Approvato il testo definitivo dell’European critical raw materials act dall’Europarlamento. L’obiettivo: aumentare la quota di produzione, riciclo e raffinazione europea, contando anche sulle forniture da Paesi amici entro il 2030. Sarà raggiungibile?

In una sessione plenaria tenutasi nella giornata di ieri, il Parlamento europeo ha dato il via libera definitivo all’European Critical Raw Materials Act, il provvedimento con cui Bruxelles e i Paesi membri vogliono ottenere una maggiore autonomia per l’approvvigionamento di materie prime critiche e strategiche, secondo la classificazione operata dalla Commissione con l’ultima Lista pubblicata a marzo del 2023.
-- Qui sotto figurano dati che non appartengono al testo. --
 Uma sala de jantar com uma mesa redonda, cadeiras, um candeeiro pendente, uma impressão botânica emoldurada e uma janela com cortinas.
Al centro dell’accordo – e che ha visto particolarmente forte la spinta di Italia, Francia e Germania –parzialmente rivisto durante le fasi di negoziazione previste nelle istituzioni e sedi europee, incentivi economici per i progetti di estrazione e riciclo delle materie prime critiche e strategiche, puntando a procedure di autorizzazione più rapide e semplificate, per agevolare aziende, start-up e soprattutto Pmi che possano dare un contributo verso gli obiettivi del Crm Act.

Secondo le stime di Eurometaux in uno studio dello scorso anno, l’aumento della domanda per l’Ue a metà secolo sarà esponenziale per litio e cobalto (rispettivamente 3,500% e 330% rispetto ai consumi del 2020), al contempo affiancata da numeri vertiginosi per materie prime più note come alluminio (5 milioni di tonnellate in più); rame (5 milioni di tonnellate); nickel (400.000 tonnellate); zinco (300.000 tonnellate).
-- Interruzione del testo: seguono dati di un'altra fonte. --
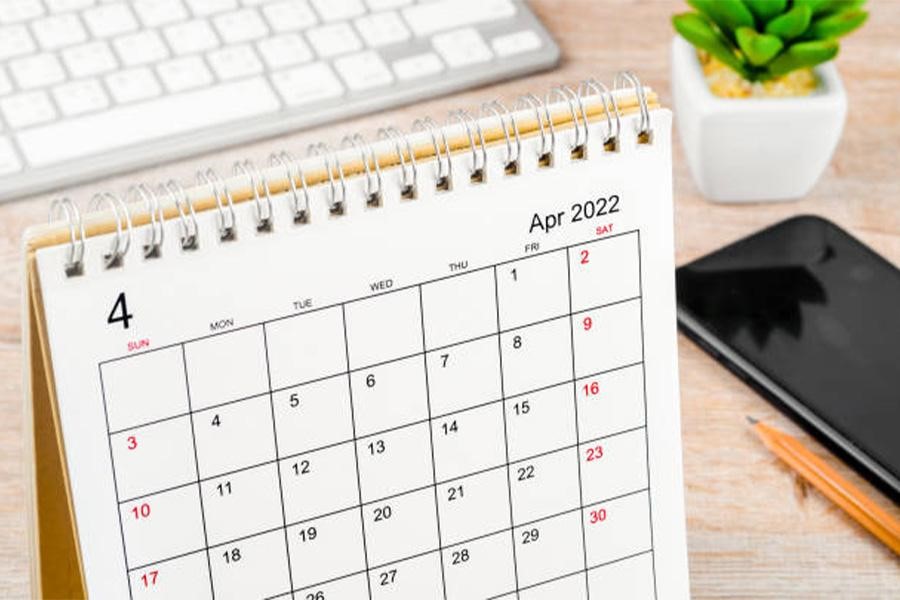 Desktop calendar opened to April next to laptop and smartphone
Con il passaggio del regolamento, il Parlamento ha ufficializzato uno step cruciale per garantire le forniture e una maggiore sovranità necessarie a perseguire gli ambiziosi obiettivi di decarbonizzazione, oltre per rimanere competitivi in un settore come il digitale, l’aerospazio e non ultimo garantire i materiali più sensibili per la difesa. Il regolamento è stato votato con 549 voti favorevoli, 43 contrari e 24 astensioni. Un risultato che certifica la questione come cruciale in maniera trasversale tra le coalizioni europee e i Paesi membri, a prescindere di quale sarà l’esito del voto di giugno con le elezioni europee. Ulteriori ritardi nell’implementare tali misure sarebbero molto gravi per l’autonomia strategica europea.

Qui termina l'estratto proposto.